Save Prediction Formula
Saves the prediction formula to a column in the data table. The formula consists of nested conditional clauses that describe the tree structure. If the response is continuous, the column contains a Predicting property. If the response is categorical, the column contains a Response Probability property.
Save Tolerant Prediction Formula
(The Save Prediction Formula option should be used instead of this option. Use this option only when Save Prediction Formula is not available.) Saves a formula that predicts even when there are missing values and when Informative Missing has not been selected. The prediction formula tolerates missing values by randomly allocating response values for missing predictors to a split. If the response is continuous, the column contains a Predicting property. If the response is categorical, the column contains a Response Probability property. If you have selected Informative Missing, you can save the Tolerant Prediction Formula by holding the Shift key as you click the report’s red triangle.
Save Residuals
(Available only for continuous responses.) Saves the residuals to the data table.
Save Cumulative Details
(Available only if validation is used.) Creates a data table containing the fit statistics for each tree.
Publish Prediction Formula
Creates a prediction formula and saves it as a formula column script in the Formula Depot platform. If a Formula Depot report is not open, this option creates a Formula Depot report. See “Formula Depot”.

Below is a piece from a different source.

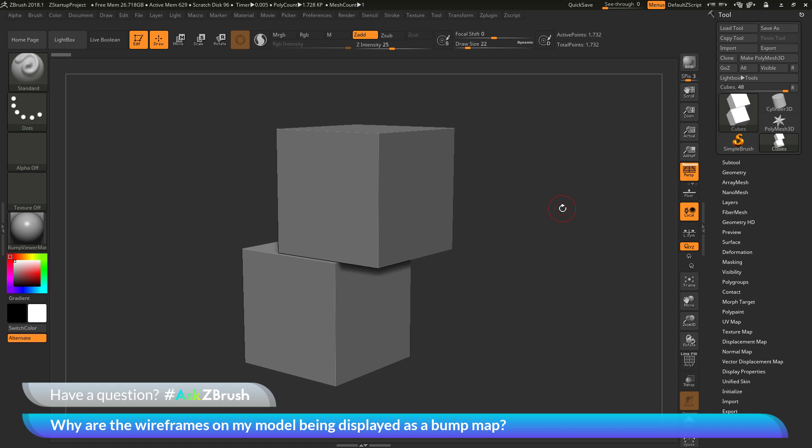This is Joseph Drust and welcome back to another episode of Ask ZBrush. We had a question sent in asking,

Publish Tolerant Prediction Formula
(The Publish Prediction Formula option should be used instead of this option. Use this option only when Publish Prediction Formula is not available.) Creates a tolerant prediction formula and saves it as a formula column script in the Formula Depot platform. If a Formula Depot report is not open, this option creates a Formula Depot report. See “Formula Depot”. If you have selected Informative Missing, you can use this option by holding the Shift key as you click the report’s red triangle.
Make SAS DATA Step
Creates SAS code for scoring a new data set.
Specify Profit Matrix
(Available only for categorical responses.) Enables you to specify profit or costs associated with correct or incorrect classification decisions. See “Show Fit Details”.
Profiler
Shows or hides a Prediction Profiler. See “Profiler” in Profilers.
See “Local Data Filters in JMP Reports”, “Redo Menus in JMP Reports”, “Group Platform”, and “Save Script Menus in JMP Reports” in Using JMP for more information about the following options:
Local Data Filter
Shows or hides the local data filter that enables you to filter the data used in a specific report.
Redo
Contains options that enable you to repeat or relaunch the analysis. In platforms that support the feature, the Automatic Recalc option immediately reflects the changes that you make to the data table in the corresponding report window.
Platform Preferences
Contains options that enable you to view the current platform preferences or update the platform preferences to match the settings in the current JMP report.
Save Script
Contains options that enable you to save a script that reproduces the report to several destinations.
Save By-Group Script
Contains options that enable you to save a script that reproduces the platform report for all levels of a By variable to several destinations. Available only when a By variable is specified in the launch window.
Note: Additional options for this platform are available through scripting. Open the Scripting Index under the Help menu. In the Scripting Index, you can also find examples for scripting the options that are described in this section.